Gazette & Courier - Monday, September 13, 1875
News about home: Greenfield items
Greenfield - The bricklayers have finished their work at the Reservoir dam, and there is now only a little cleaning up to do before filling the pond. That was a bad break in the main pipe a week ago yesterday. It was right in the Barton brook, and those who saw it say that a large volume of water was thrown into the air, 25 or 30 ft., making a fountain on a grand and magnificent scale.
Gazette & Courier - Monday, September 6, 1875
News about home: Greenfield items
(Greenfield) The biggest thing in the way of cucumbers has been raised by John Holton of Gill. He brought two into town Sat., one measuring 5 ft. and the other 5 ft. and 8 inches in length. They grew in coils, like snakes.
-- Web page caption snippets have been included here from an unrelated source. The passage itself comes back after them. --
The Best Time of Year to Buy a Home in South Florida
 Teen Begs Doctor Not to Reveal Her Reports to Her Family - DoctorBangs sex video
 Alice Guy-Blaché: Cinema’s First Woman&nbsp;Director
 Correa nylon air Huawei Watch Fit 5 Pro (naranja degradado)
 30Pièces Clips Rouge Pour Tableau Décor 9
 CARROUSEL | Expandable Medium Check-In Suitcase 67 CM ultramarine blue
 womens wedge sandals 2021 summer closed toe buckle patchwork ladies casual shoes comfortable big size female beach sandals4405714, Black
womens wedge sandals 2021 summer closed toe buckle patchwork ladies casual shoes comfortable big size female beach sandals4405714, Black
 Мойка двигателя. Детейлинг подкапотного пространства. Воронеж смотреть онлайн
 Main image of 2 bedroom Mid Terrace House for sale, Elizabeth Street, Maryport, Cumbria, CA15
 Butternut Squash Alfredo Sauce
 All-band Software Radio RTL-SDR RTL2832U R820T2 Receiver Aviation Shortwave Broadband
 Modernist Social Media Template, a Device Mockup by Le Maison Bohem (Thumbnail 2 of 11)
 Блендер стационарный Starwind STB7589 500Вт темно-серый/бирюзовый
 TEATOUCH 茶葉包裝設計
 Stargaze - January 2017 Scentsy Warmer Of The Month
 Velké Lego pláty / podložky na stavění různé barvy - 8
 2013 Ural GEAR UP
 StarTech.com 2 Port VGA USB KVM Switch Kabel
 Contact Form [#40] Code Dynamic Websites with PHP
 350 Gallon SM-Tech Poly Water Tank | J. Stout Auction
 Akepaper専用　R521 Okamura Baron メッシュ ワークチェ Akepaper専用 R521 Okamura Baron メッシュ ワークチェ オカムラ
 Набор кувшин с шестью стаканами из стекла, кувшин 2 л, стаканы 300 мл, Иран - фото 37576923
The shorter one can be seen in Moody’s window.
Gazette & Courier - Monday, August 30, 1875
What savages think of twins
In Africa according to Dr. Robert Brown ("Races of Mankind") the birth of twins is commonly regarded as an evil omen. No one, except the twins themselves and their nearest relatives, is allowed to enter the hut in which they first saw light. The children are not to play with other children, and even the utensils of the hut are not permitted to be used by any one else.
The mother is not allowed to talk to any one not belonging to her own family. If the children both live till the end of the 6th year, it is supposed that Nature has accommodated herself to their existence, and they are thenceforth admitted to association with their fellows. Nor is this abomination of twin births restricted to Africa.
In the island of Bali, near Java, a woman who is so unfortunate as to bear twins is obliged, along with her husband, to live for a month at the sea shore or among the tombs, until she is purified. The Khasias of Hindostan consider that to have twins assimilates the mother to the lower animals, and one of them is frequently put to death.
An exactly similar belief prevails among some of the native tribes of Vancouver Island. Among the Ainos, one of the twins is always killed, and in Arebo in Guinea, both the twins and the mother are put to death (Popular Science Monthly).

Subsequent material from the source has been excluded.